TASK ITEM → Below is a listing to write out in full, exactly as given, without its pictures.

DATA →
━━━━

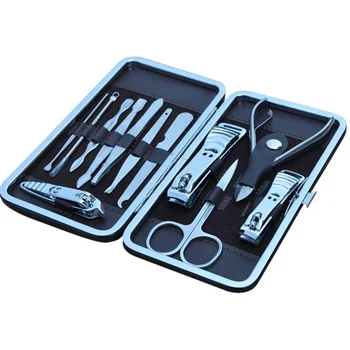 

12 Pcs Manicure Pedicure Set With Case Nails Clipper Kit Stainless Steel Travel Home Nail Care Tools Hot Sales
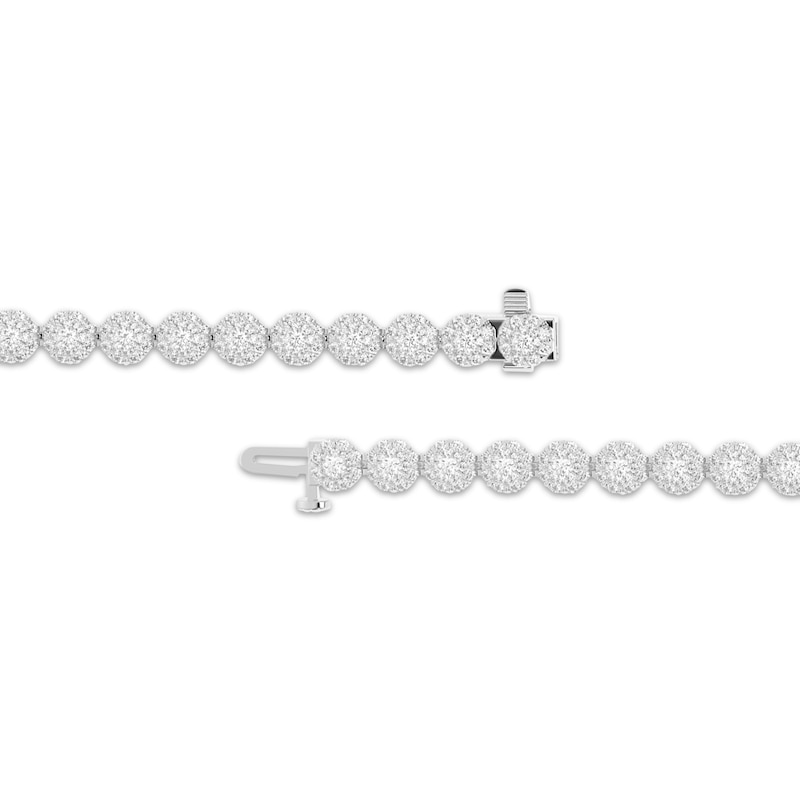 Main Image 3 of Multi-Diamond Octagon Link Tennis Bracelet 5 ct tw 14K White Gold 7&quot;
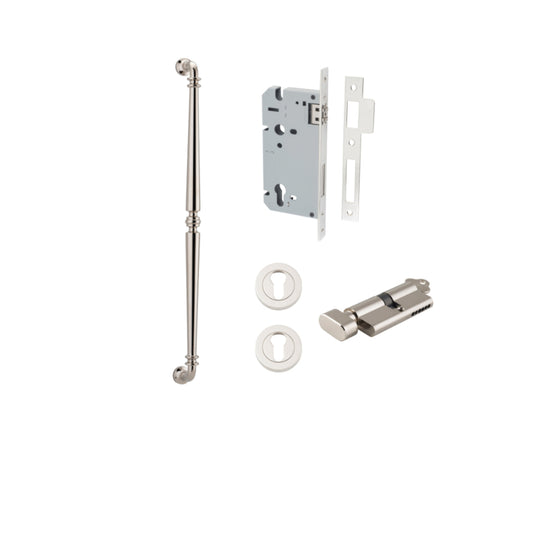 Pull Handle Sarlat Polished Nickel L635xW32xP72mm BP35mm CTC600mm Entrance Kit, Mortice Lock Roller Euro Polished Nickel CTC85mm Backset 60mm, Euro Cylinder Key Thumb 6 Pin Polished Nickel L70mm KA1, Escutcheon Euro Concealed Fix Round Pair Polish… in Pol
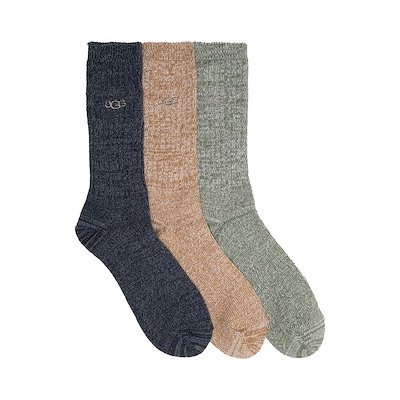 Main view of Mens UGG&reg; Trey Rib Knit Cozy Crew Socks 3-Pack - Tahoe Blue / Chestnut / Green Stone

━━━━

WRITTEN ANSWER →
12 Pcs Manicure Pedicure Set With Case Nails Clipper Kit Stainless Steel Travel Home Nail Care Tools Hot Sales
 Main Image 3 of Multi-Diamond Octagon Link Tennis Bracelet 5 ct tw 14K White Gold 7&quot;
 Pull Handle Sarlat Polished Nickel L635xW32xP72mm BP35mm CTC600mm Entrance Kit, Mortice Lock Roller Euro Polished Nickel CTC85mm Backset 60mm, Euro Cylinder Key Thumb 6 Pin Polished Nickel L70mm KA1, Escutcheon Euro Concealed Fix Round Pair Polish… in Pol
 Main view of Mens UGG&reg; Trey Rib Knit Cozy Crew Socks 3-Pack - Tahoe Blue / Chestnut / Green Stone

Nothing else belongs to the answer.